DRAFT: Synopsis 32: Setting Library - Str
Created: 19 Mar 2009 (extracted from S29-functions.pod)
Last Modified: 2015-07-24
Version: 13
The document is a draft.
General notes about strings:
The Str
class contains strings encoded at the NFG level. Other standard Unicode normalizations can be found in their appropriately-named types: NFC
, NFD
, NFKC
, and NFKD
. The Uni
type contains a string in a mixture of normalizations (i.e. not normalized). S15 describes these in more detail.
The following are all provided by the Str
class, as well as related classes:
- chop
-
multi method chop(Str $string: $n = 1 --> Str) is export
Returns string with an optional number of characters removed from the end. Defaults to removing one character.
- chomp
-
multi method chomp(Str $string: --> Str) is export
Returns string with one newline removed from the end. An arbitrary terminator can be removed if the input filehandle has marked the string for where the "newline" begins. (Presumably this is stored as a property of the string.) Otherwise a standard newline is removed.
Note: Most users should just let their I/O handles autochomp instead. (Autochomping is the default.)
- lc
-
multi method lc(Str $string: --> Str) is export
Returns the input string after forcing each character to its lowercase form. Note that one-to-one mapping is not in general guaranteed; different forms may be chosen according to context.
- uc
-
multi method uc(Str $string: --> Str) is export
Returns the input string after forcing each character to its uppercase (not titlecase) form. Note that one-to-one mapping is not in general guaranteed; different forms may be chosen according to context.
- fc
-
multi method fc(Str $string: --> Str) is export
Does a Unicode "fold case" operation suitable for doing caseless string comparisons. (In general, the returned string is unlikely to be useful for any purpose other than comparison.)
- tc
-
multi method tc(Str $string: --> Str) is export
Converts the first character of a string to titlecase form, leaving the rest of the characters unchanged, then returns the modified string. If there is no titlecase mapping for the first character, the entire string is returned unchanged. In any case, this function never changes any character after the first. (It is like the old Perl 5
ucfirst
function in that respect.) - tclc
-
multi method tclc(Str $string: --> Str) is export
Forces the first character of a string to titlecase and the rest of the characters to lowercase, then returns the modified string.
- wordcase
-
multi method wordcase(Str $string: :&filter = &tclc, :$where = True --> Str) is export
Performs a substitutional mapping of each word in the string, defaulting to the
tclc
mapping. Words are defined as Perl 6 identifiers, hence admit hyphens and apostrophes when followed by a letter. (Note that trailing apostrophes don't matter when casemapping.) The following should have the same result:.wordcase; .subst(:g, / <ident>+ % <[ \- ' ]> /, *.Str.tclc)
The
filter
function is always applied to the first and last word, and additionally to any intermediate word that smartmatches with thewhere
parameter. Assuming suitable definitions of word lists, standard English capitalization might be handled with something like this:my $where = none map *.fc, @conjunctions, @prepositions; .wordcase(:$where);
(Note that the "standard" authorities disagree on the prepositions!)

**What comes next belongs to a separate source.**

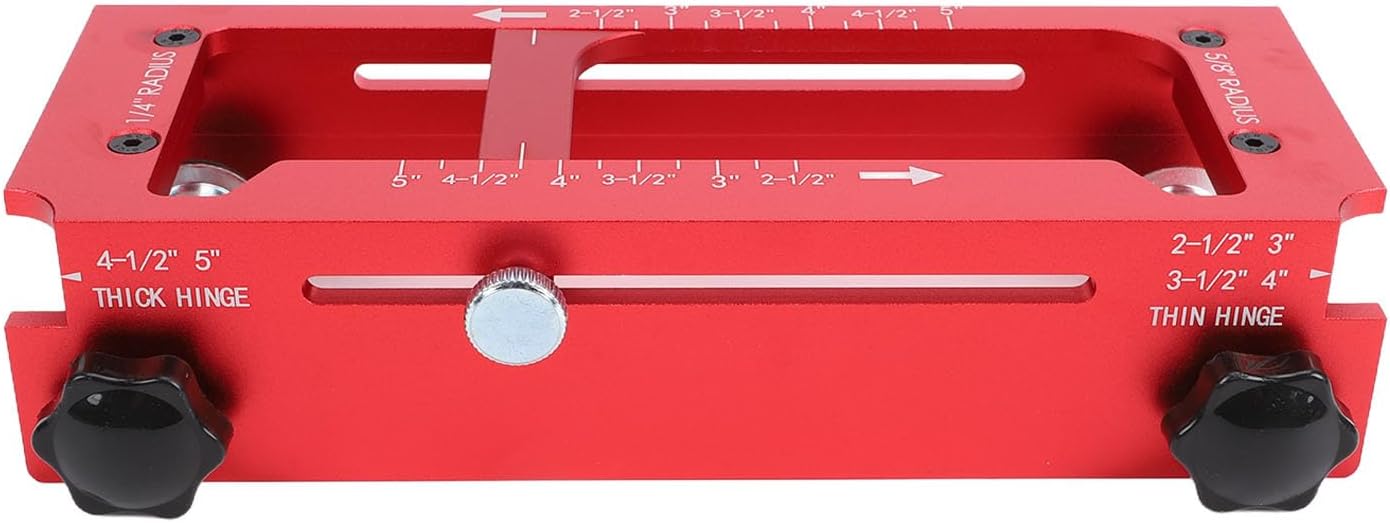 Qinlorgo Door Hinge Installation Kit, Adjustable Hinge Jig, Self Centering Drill Bit Kit for 2.5-5 Inch Hinges, Ideal for Door Installation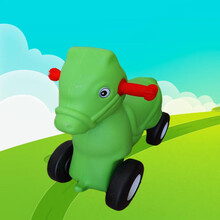 马塑料带音乐摇摇车婴儿木马摇椅宝宝玩具两用滑行溜溜车 绿色小马车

[XXX: Is case-insensitive matching on
wordcase
's part necessary?] The smartmatching is done case insensitively, so you should store your exceptions infc
form. If thewhere
smartmatch does not match, then the word will be forced to lowercase.There is no provision for an alternate regex; if you need a custom word recognizer, you can write your own
.subst
as above. - samecase
-
multi method samecase(Str $string: Str $pattern --> Str) is export
Has the effect of making the case of the string match the case pattern in
$pattern
. (Used by s:ii/// internally, see S05.) - samemark
-
multi method samemark(Str $string: Str $pattern --> Str) is export
Has the effect of making the case of the string match the marking pattern in
$pattern
. (Used by s:mm/// internally, see S05.) - length
-
This method does not exist in Perl 6. You must use either
chars
orcodes
, depending on what kind of count you need. - chars
-
multi method chars(Str $string: --> Int) is export
Returns the number of characters in the string. For
Str
this corresponds to the number of graphemes, for other types this is equivalent tocodes
. - codes
-
multi method codes(Str $string: --> Int) is export
Returns the number of codepoints in the string. For
Str
this corresponds to the number of characters as if it were anNFC
type string. - bytes
-
Gone. Use
$str.encode($encoding).bytes
instead. - encode
-
multi method encode($encoding = $?ENC --> Buf)
Returns a
Blob
which represents the original string in the given encoding. The actual return type is as specific as possible, so$str.encode('UTF-8')
returns autf8
object,$str.encode('ISO-8859-1')
ablob8
.Str.encode
is functionally equivalent toNFC.encode
. If you mean one of the other normalization forms, convert theStr
to the appropriate type first. - index
-
multi method index(Str $string: Str $substring, Int $pos) is export
index
searches for the first occurrence of$substring
in$string
, starting at$pos
.If the substring is found, then the value returned represents the position of the first character of the substring. If the substring is not found,
Nil
is returned. Do not evaluate it as a number, because that will assume <0> and issue a warning.[Note: if
$substring
is not of the same string type as$string
, should that cause an error, or should$substring
be converted to$string
's type?] - pack
-
multi pack(*@items where { all(@items) ~~ Pair } --> buf8) multi pack(Str $template, *@items --> buf8)
pack
takes a list of pairs and formats the values according to the specification of the keys. Alternately, it takes a string$template
and formats the rest of its arguments according to the specifications in the template string. The result is a sequence of bytes.Templates are strings of the form:
grammar Str::PackTemplate { regex TOP { ^ <template> $ } regex template { [ <group> | <specifier> <count>? ]* } token group { \( <template> \) } token specifier { <[aAZbBhHcCsSiIlLnNvVqQjJfdFDpPuUwxX\@]> \!? } token count { \* | \[ [ \d+ | <specifier> ] \] | \d+ } }
In the pairwise mode, each key must contain a single
<group>
or<specifier>
, and the values must be either scalar arguments or arrays.[ Note: Need more documentation and need to figure out what Perl 5 things no longer make sense. Does Perl 6 need any extra formatting features? -ajs ]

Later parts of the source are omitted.